[Task material — start]

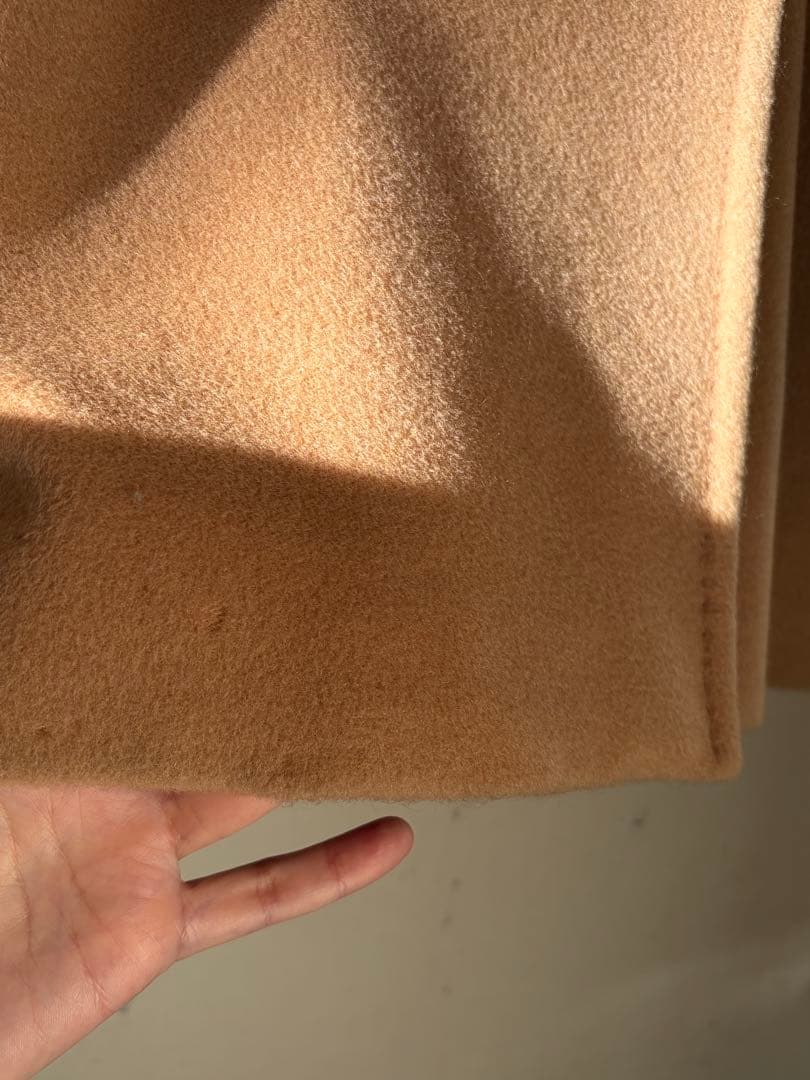 MaxMara ベージュ ダブルブレスト ロングコート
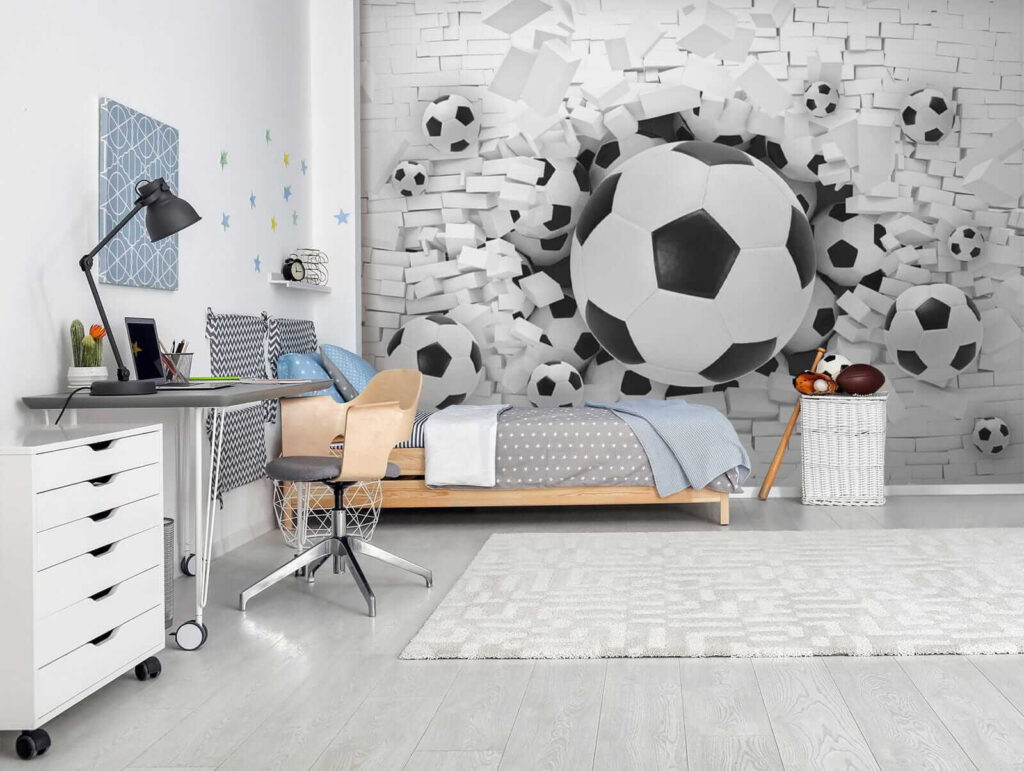 Football Through the Wall — interior 8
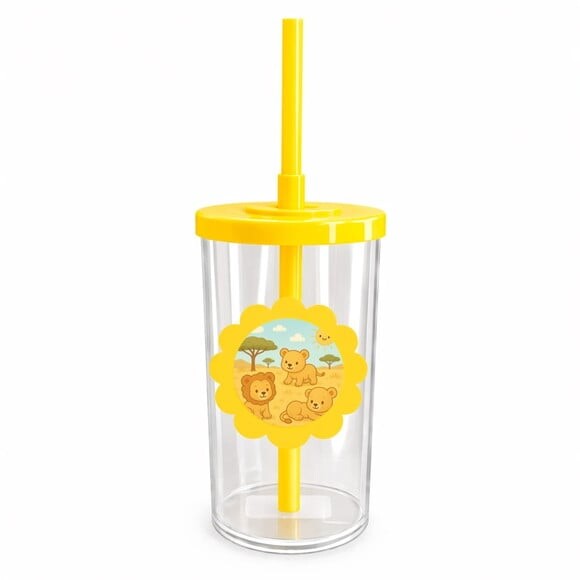 Copo Short Drink Flor Personalizado Leãozinhos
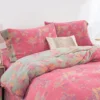 3 100% Cotton Double Layer Muslin Bedding Set, A-Class Baby Safe 4 Pieces Duvet Cover Sheet Pillowcases, Soft Breathable All Season Bed Linen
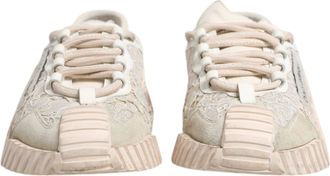 Dolce & Gabbana White Lace NS1 Low Top Sneaker Sports Womens Shoes (Pre-Owned)
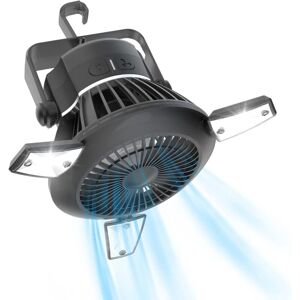 Tinor - Portable Lightweight Camping Fan Camping Fan with Rechargeable Tent Fan for Tent Solar Fan with Hanging Hook usb Desk Fan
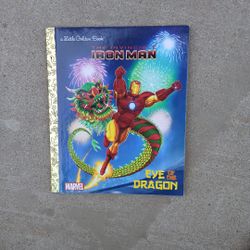 A Little Golden Book "The Invincible Iron Man: Eye Of The Dragon"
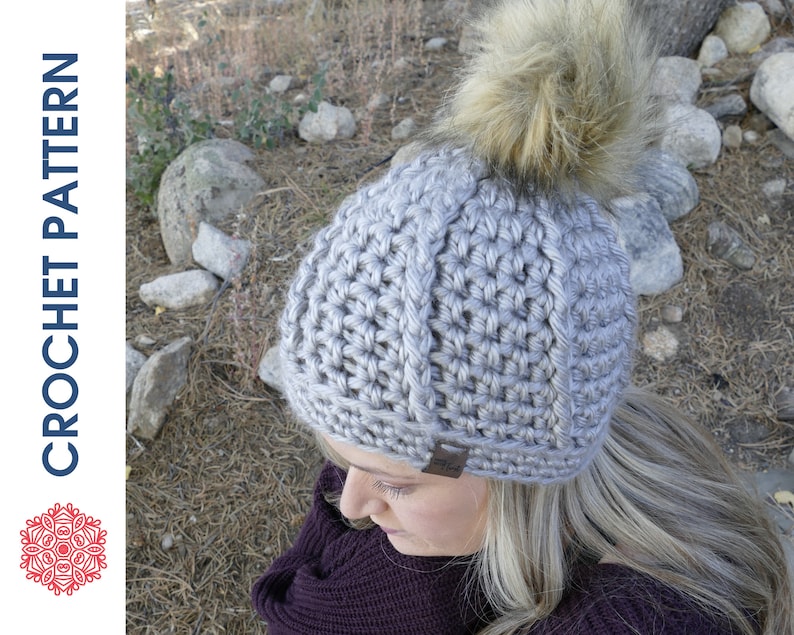 Quick and cozy crochet ribbed beanie made with super bulky yarn for maximum warmth and softness. Beginner-friendly PDF crochet pattern that works up in about an hour. Features stretchy ribbed texture and classic folded brim for a snug, stylish fit. Shown in neutral tones for a timeless winter look. Perfect handmade hat for markets, gifts, or relaxing weekend projects that deliver instant satisfaction.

[Task material — finish]

An exact copy of the lines from the one with "A Little Golden" through the end of the entries above, both included, is the whole answer. It contains no pictures.

* Result for this task:
 A Little Golden Book "The Invincible Iron Man: Eye Of The Dragon"
 Quick and cozy crochet ribbed beanie made with super bulky yarn for maximum warmth and softness. Beginner-friendly PDF crochet pattern that works up in about an hour. Features stretchy ribbed texture and classic folded brim for a snug, stylish fit. Shown in neutral tones for a timeless winter look. Perfect handmade hat for markets, gifts, or relaxing weekend projects that deliver instant satisfaction.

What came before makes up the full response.